6 Things You Should Know About Learning Analytics
1. What is it?
Learning analytics provide statistically based evaluation of data sources to determine patterns that lead to more informed decisions. For teaching and learning, activity information from sources such as web tools (e.g., Carmen), labs and classrooms (e.g., programs uses, resources), and libraries (e.g., learning objects) can help identify successful course strategies or students at academic risk. In sum, it connects data produced from explicit student activity into information that guides meaningful action.
In a world with increased pressure to demonstrate student success, retention, and ROIs, Learning Analytics has been referred to as the “third wave” of transforming the student experience, equal to such game changers as learning management systems (the first wave) and social media, cloud applications, and web 2.0 tools (the second wave). Source (http://net.educause.edu/ir/library/pdf/ELIB1101.pdf).

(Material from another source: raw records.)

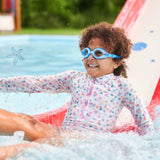 Nalu S & Sea horse Kinder-Schwimmbrillenbausatz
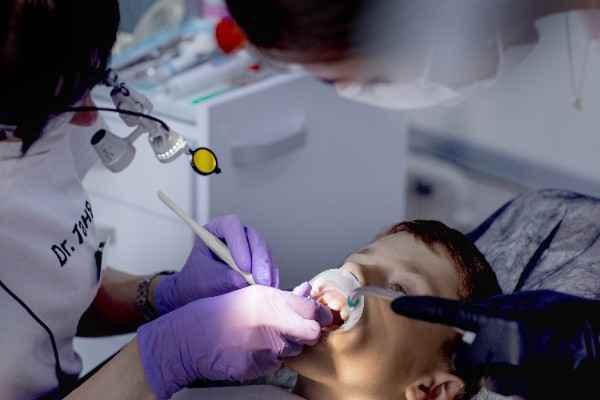 Emergency dentist in Warrington
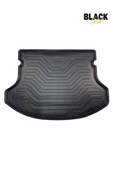 Black Gold Fiat Egea Cross 2021+ 3D Uyumlu Oto Paspas ve Bagaj Havuzu Araca Özel Set Ring - 2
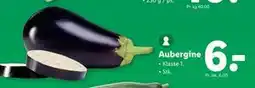 Lidl Aubergine tilbud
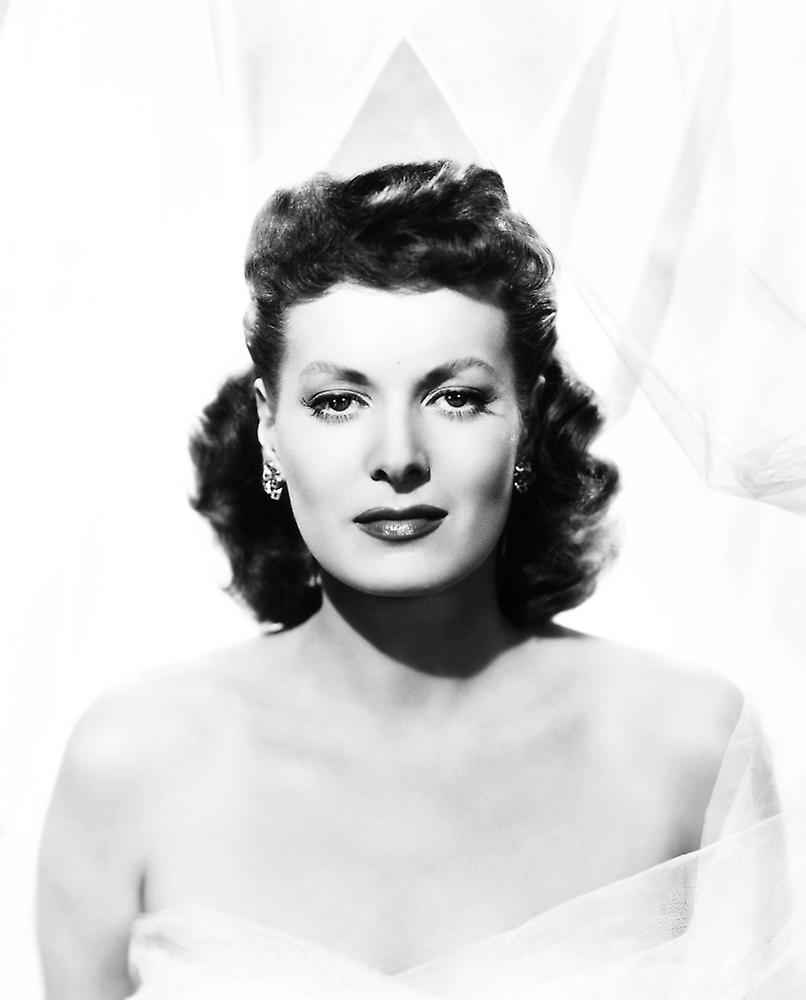 Maureen O'Hara Poster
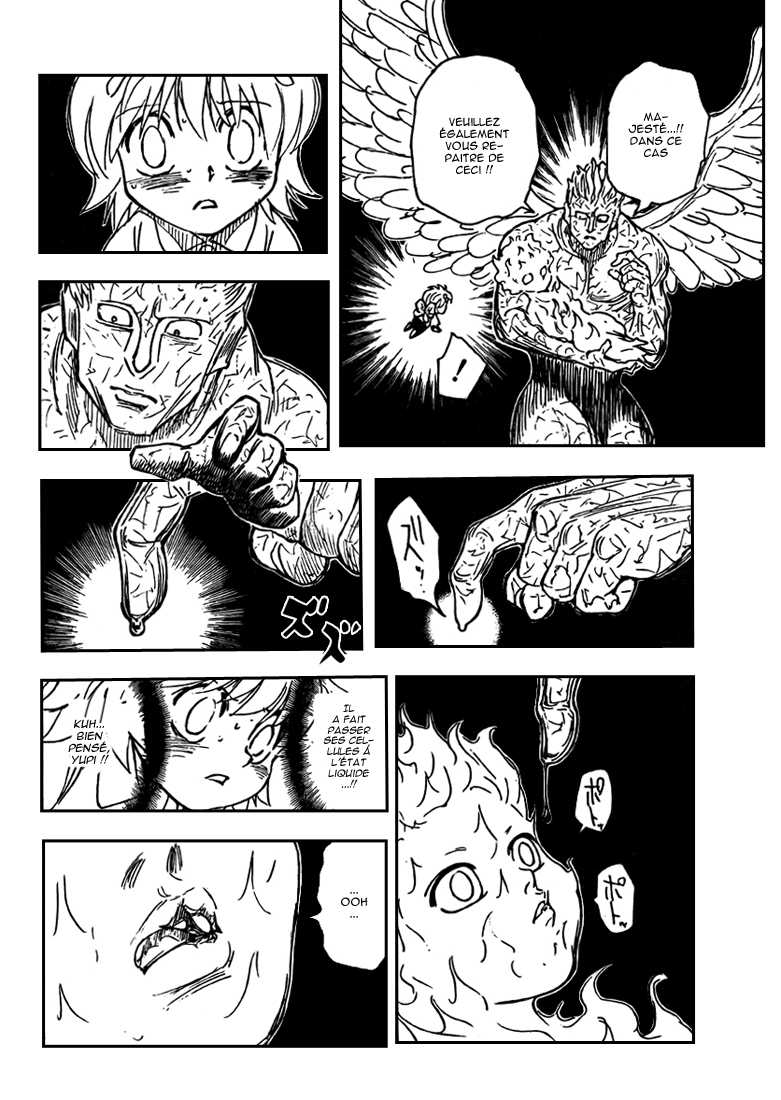 Hunter X Hunter: Chapter chapitre-299 - Page 12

From the 2011 Horizon Report: http://wp.nmc.org/horizon2011/sections/learning-analytics/

Image: http://www.elearnspace.org/blog/2010/08/25/what-are-learning-analytics/
2. How does it work?
Learning Analytics work by sharing data or establishing a sharing network allowing for individual, course, and program-based performance to be looked at holistically. Ideally, the program would automatically trigger responses to individuals or coordinators with information based on the data, such as linking to support services (e.g., writing center) should a student’s writing assignments consistently receive poor grades, or congratulatory notes upon marked improvement in a discipline or assignment type. At its core, learning analytics can help define pathways to improve performance for a student at an individual level and improve retention, achievement, and graduation rates at an institutional level.

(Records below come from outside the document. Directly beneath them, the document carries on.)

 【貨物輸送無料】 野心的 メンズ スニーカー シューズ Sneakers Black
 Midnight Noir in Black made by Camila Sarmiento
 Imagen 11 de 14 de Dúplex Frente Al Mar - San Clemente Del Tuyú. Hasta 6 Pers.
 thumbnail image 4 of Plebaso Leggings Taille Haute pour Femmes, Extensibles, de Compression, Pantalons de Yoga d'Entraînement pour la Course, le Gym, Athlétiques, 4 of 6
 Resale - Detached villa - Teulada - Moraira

Without a doubt, learning analytics requires great coordination, collaboration, and security to be effective. Tasks like creating a committee of systems supervisors can be challenging, even at small institutions. A committee like this would be charged with determining what data is exportable, how it could connect to other data streams, and what questions could be answered with the data.
3. Who is doing it? And why?
Learning Analytics is just starting to make major gains in the education sector. Analogous to swiping your local grocer’s loyalty card, examining information related to activity (length and sequence of events) can start creating a culture of predictive intervention and support. Just as your grocer will send you coupons based upon your current purchases, an instructor could send students information about successful habits or information about ways to improve performance based on their current activity in a course.
In higher education, Purdue University’s Signals (http://www.itap.purdue.edu/learning/tools/signals/) is an integrated system to provide students a dashboard visualization of course performance. Other institutions that are early adopters and provide real-time data to students and administrators include Drexel University and University of Wollongong (Australia). Each institution uses the dashboard in an effort to provide students more information and knowledge about their academic progress.
4. What are the downsides?
Significant downsides include the ethical and legal considerations of collecting and using system information to understand individual users and their activities. Even with the best intentions, there are concerns regarding student profiling or the ramifications of actions that are or are not taken for an individual (either purposely or by poor algorithm design). With so much data available from various sources, constructing a foolproof analysis is virtually impossible; incorrect or misleading patterns could emerge. Finally, even with very sound analysis, the appropriate intervention techniques are still being developed.
5. Where is it going?
With increasing financial constraints, predictive abilities and the need for proactive intervention to ensure student success will become paramount. Programs and best practices will help institutions better connect admission information, LMS activity, clicker data, library use, lab programs, e-portfolios, and online discussions into algorithms that can predict how successful a student will be and provide personalized next steps to enhance performance.
At another level, the same data could produce a wealth of information about resource allocation, teaching effectiveness, program effectiveness, and so on.
6. What are the implications for teaching and learning?
Learning analytics requires consistent and heavy use of services and programs connected to authentication, such as computer log-ins, learning management systems, and so on. For those courses, programs, or institutions that aren’t operating via computer networks or using electronic applications, capturing activity data would be difficult. The analysis of data patterns and the implementation of interventions should be done carefully, as common pitfalls of data analysis include assumptions about intention and causality.
The potential benefits of optimizing and aligning dwindling resources, providing real-time progress, and facilitating meaningful communication among myriad stakeholders are truly exciting.